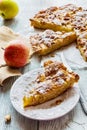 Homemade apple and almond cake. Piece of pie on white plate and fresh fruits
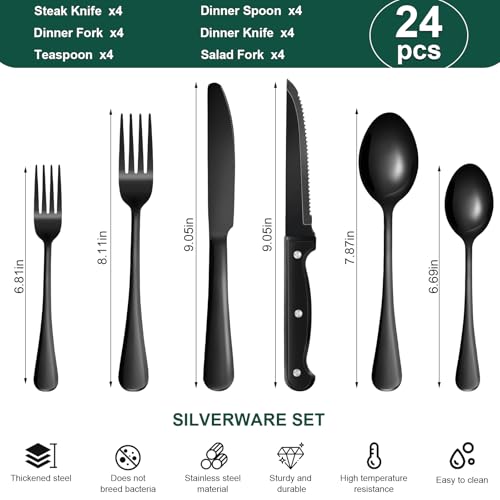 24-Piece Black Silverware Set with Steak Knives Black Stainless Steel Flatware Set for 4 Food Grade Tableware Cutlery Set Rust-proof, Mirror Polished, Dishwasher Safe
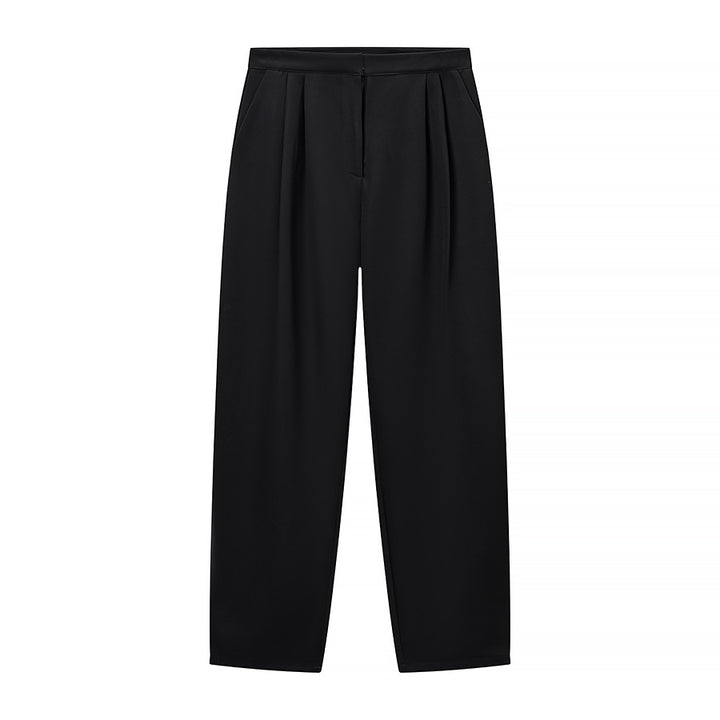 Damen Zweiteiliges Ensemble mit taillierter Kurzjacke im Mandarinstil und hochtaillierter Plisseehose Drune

ASSIGNMENT
Would you write out the material above in full, exactly as given, except for its pictures?

TASK RESPONSE
 Homemade apple and almond cake. Piece of pie on white plate and fresh fruits
 24-Piece Black Silverware Set with Steak Knives Black Stainless Steel Flatware Set for 4 Food Grade Tableware Cutlery Set Rust-proof, Mirror Polished, Dishwasher Safe
 Damen Zweiteiliges Ensemble mit taillierter Kurzjacke im Mandarinstil und hochtaillierter Plisseehose Drune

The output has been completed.